> **Your assignment**: Only the lines below from the one that contains "rear view of" through the one that contains "May include: A" should appear in your answer, exact and without pictures.
::: Listed records :::
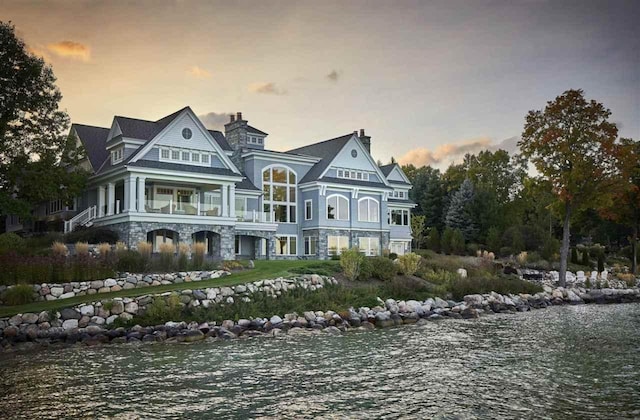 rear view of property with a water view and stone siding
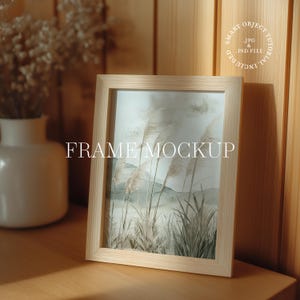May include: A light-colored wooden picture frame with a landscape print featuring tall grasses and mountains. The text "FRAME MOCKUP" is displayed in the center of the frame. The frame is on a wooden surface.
:::
::: Listed records :::
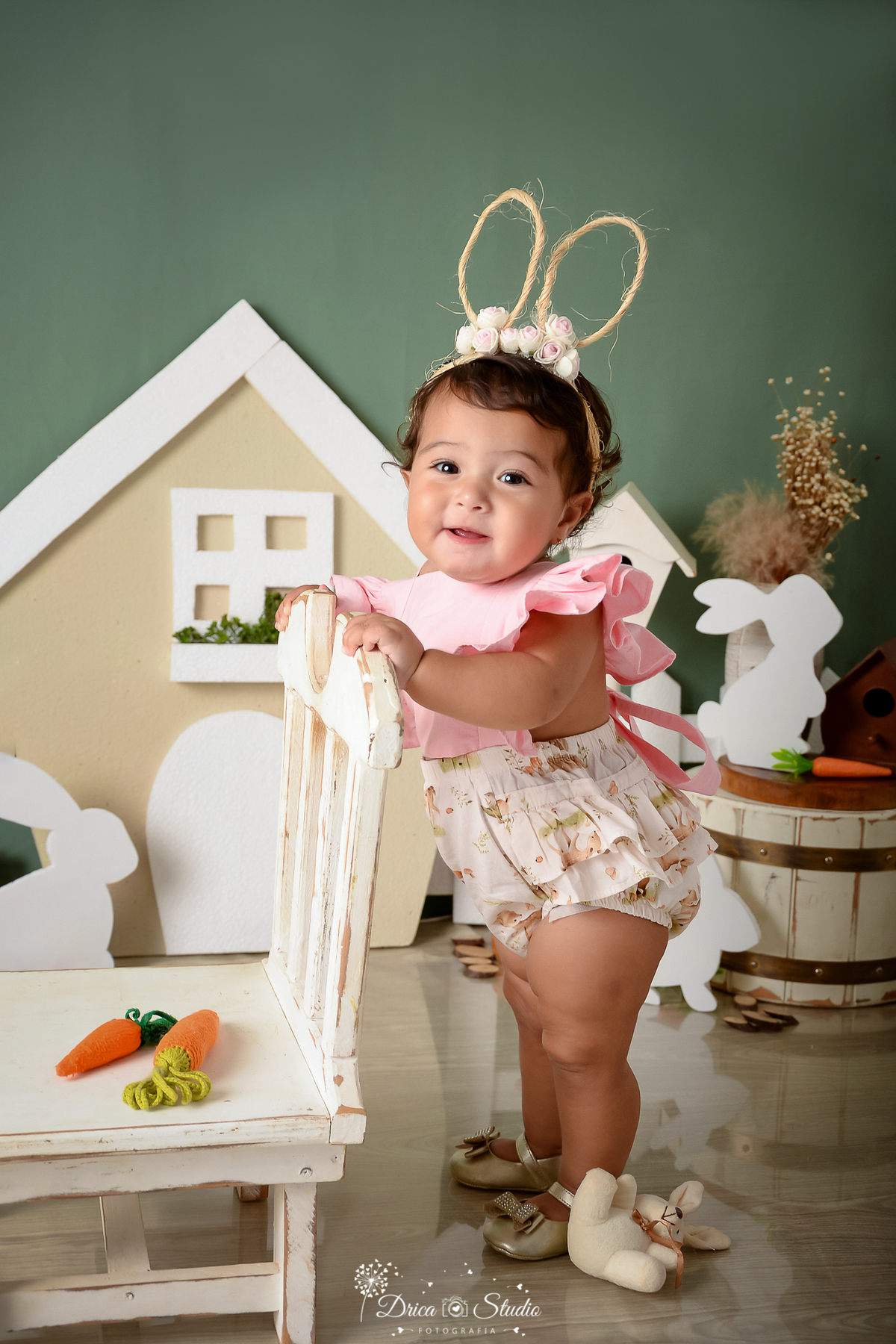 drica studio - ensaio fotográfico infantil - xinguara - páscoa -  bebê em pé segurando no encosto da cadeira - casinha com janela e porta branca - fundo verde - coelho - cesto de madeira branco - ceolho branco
:::
> **Answer section**:
 rear view of property with a water view and stone siding
May include: A light-colored wooden picture frame with a landscape print featuring tall grasses and mountains. The text "FRAME MOCKUP" is displayed in the center of the frame. The frame is on a wooden surface.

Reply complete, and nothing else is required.